** Data follows **
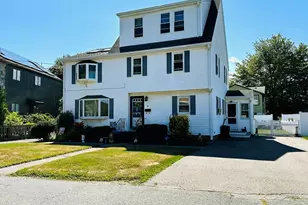 4 Mersea St, Saugus, MA 01906 - Photo 1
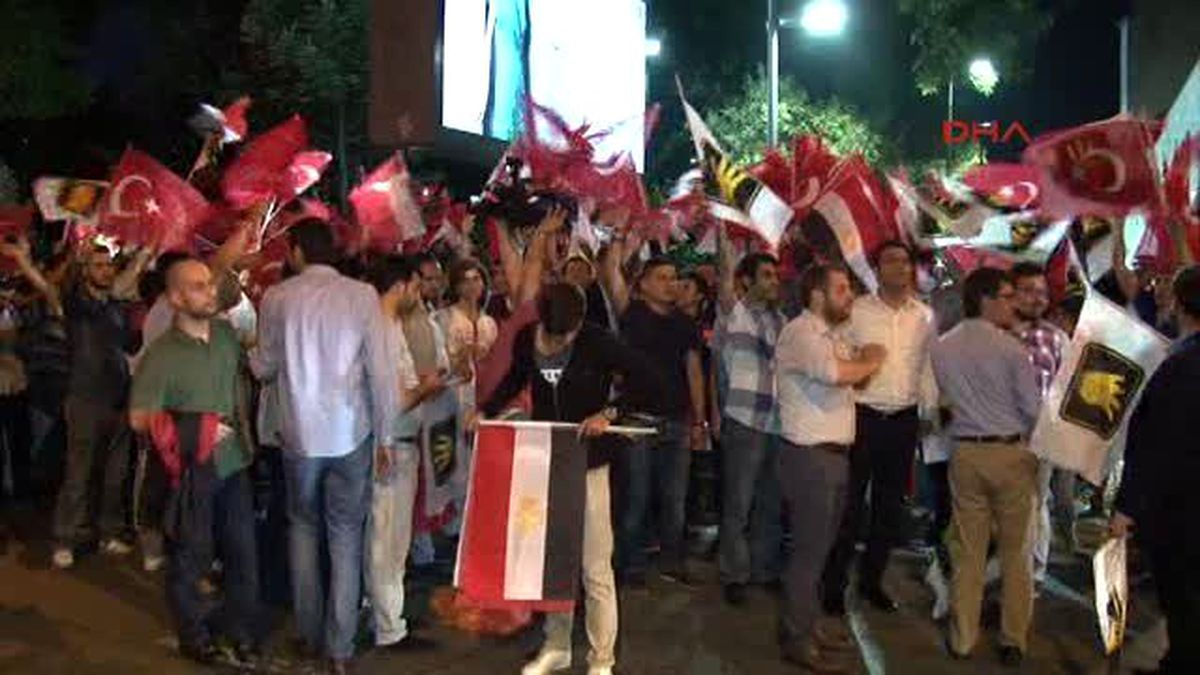 Mısır Konsolosluğu Önünde Mursi Eylemi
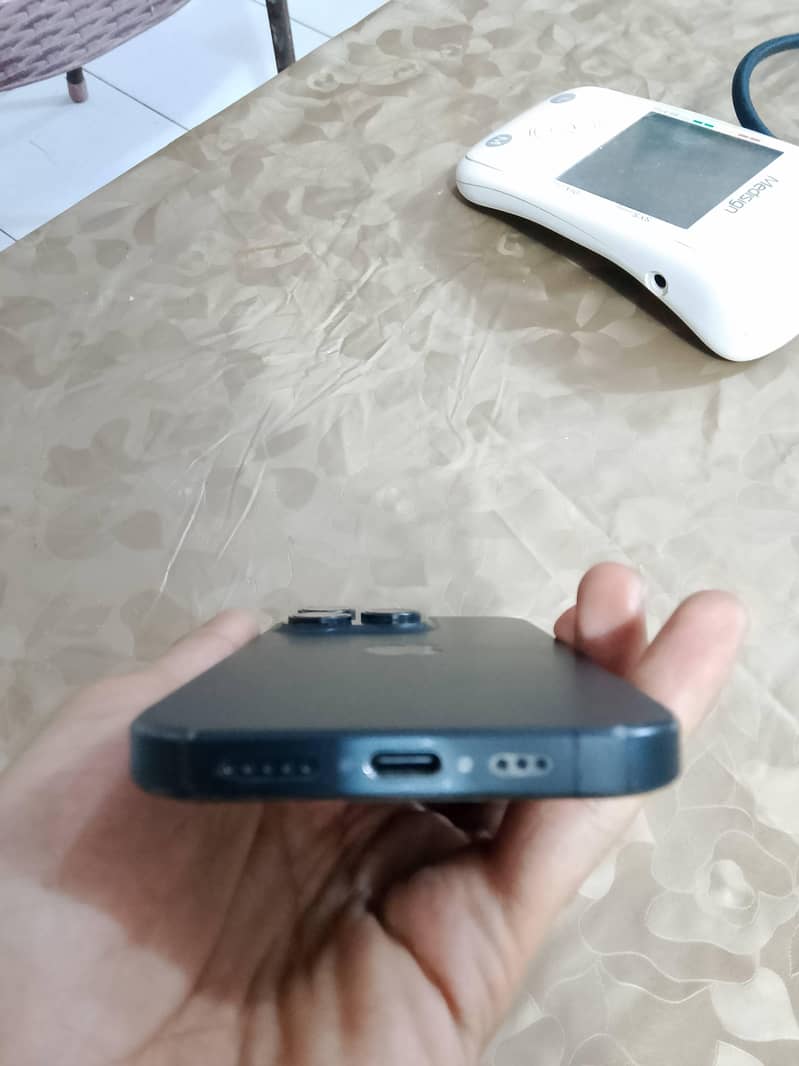 Apple iPhone 15 Pro 1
** End of Data **
About this task: Starting with the line that contains "Mısır Konsolosluğu Önünde Mursi Eylemi", give the lines again exactly as they appear through the last line of the data, pictures excluded.

Task answer:
 Mısır Konsolosluğu Önünde Mursi Eylemi
 Apple iPhone 15 Pro 1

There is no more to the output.